YOUR TASK =
Return nothing but the lines from the one with "Tom Burr. Black Ashtray (Smoke) - photo 3" through the one with "Foto 4a8d7554-d305-4b86-b1f6-a568b064f26e. Flat" in the data below, word for word and without pictures.

RECORDS SHOWN =
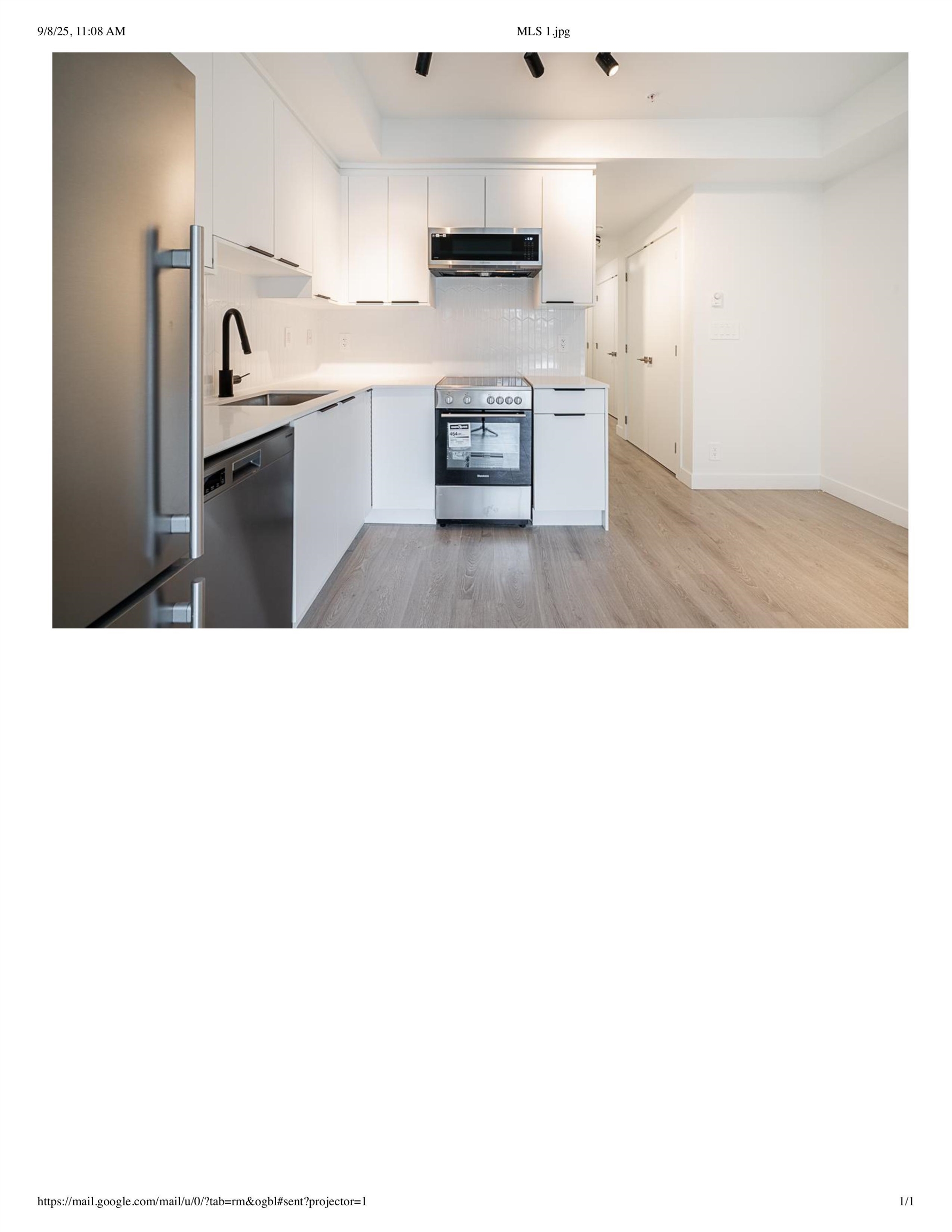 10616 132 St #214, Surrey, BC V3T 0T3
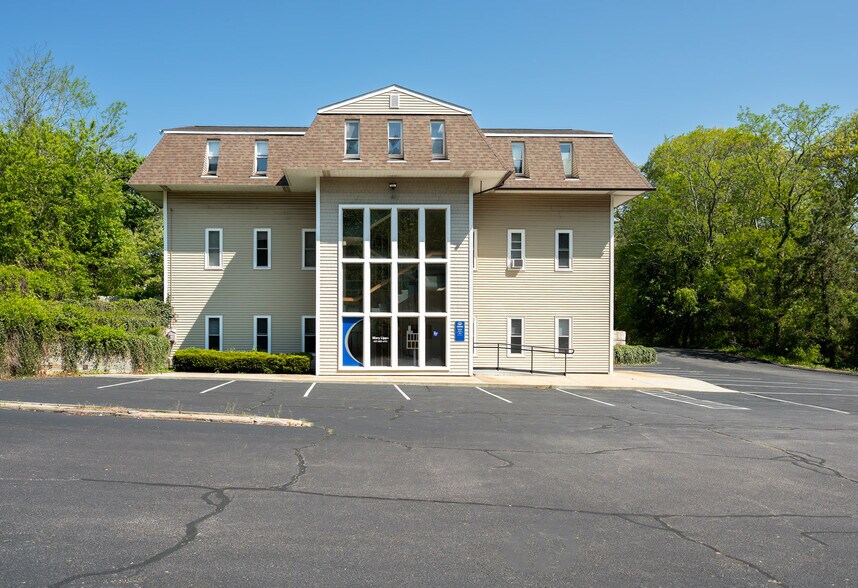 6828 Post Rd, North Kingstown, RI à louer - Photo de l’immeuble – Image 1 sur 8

---

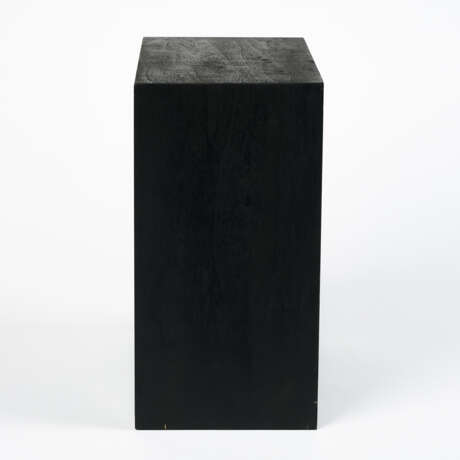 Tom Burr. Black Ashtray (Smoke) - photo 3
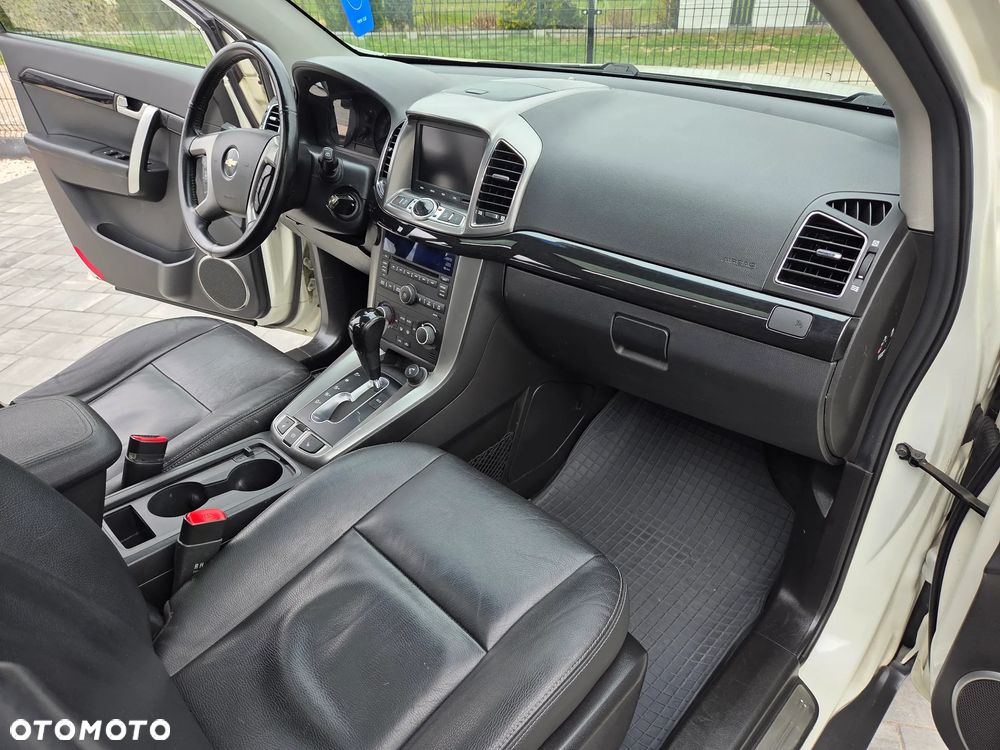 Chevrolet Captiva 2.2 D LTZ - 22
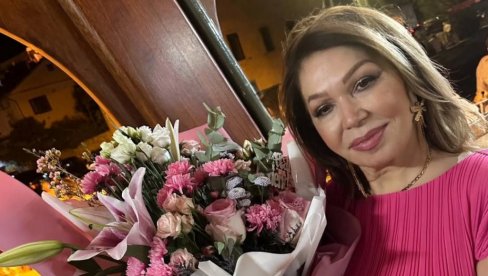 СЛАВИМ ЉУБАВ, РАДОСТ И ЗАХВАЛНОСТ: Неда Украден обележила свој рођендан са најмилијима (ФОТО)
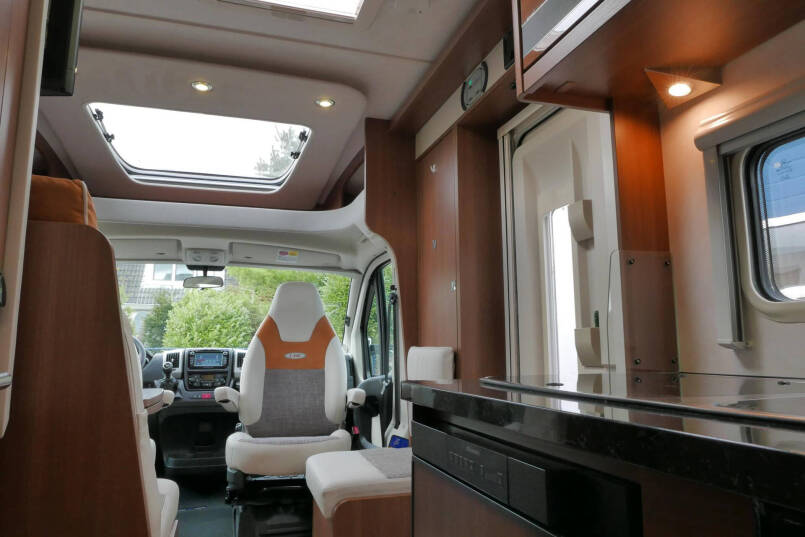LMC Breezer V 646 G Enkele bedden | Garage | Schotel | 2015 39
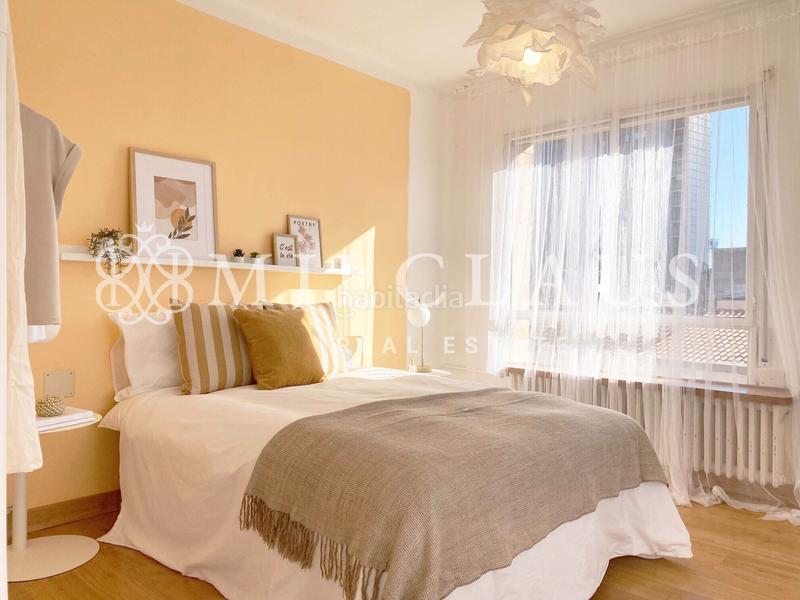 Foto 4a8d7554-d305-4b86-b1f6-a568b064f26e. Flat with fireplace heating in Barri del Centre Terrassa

* * *

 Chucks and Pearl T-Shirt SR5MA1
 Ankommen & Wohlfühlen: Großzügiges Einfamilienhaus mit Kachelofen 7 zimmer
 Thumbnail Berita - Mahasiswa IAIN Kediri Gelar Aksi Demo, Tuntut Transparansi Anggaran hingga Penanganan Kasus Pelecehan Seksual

WORKED SOLUTION =
 Tom Burr. Black Ashtray (Smoke) - photo 3
 Chevrolet Captiva 2.2 D LTZ - 22
 СЛАВИМ ЉУБАВ, РАДОСТ И ЗАХВАЛНОСТ: Неда Украден обележила свој рођендан са најмилијима (ФОТО)
LMC Breezer V 646 G Enkele bedden | Garage | Schotel | 2015 39
 Foto 4a8d7554-d305-4b86-b1f6-a568b064f26e. Flat with fireplace heating in Barri del Centre Terrassa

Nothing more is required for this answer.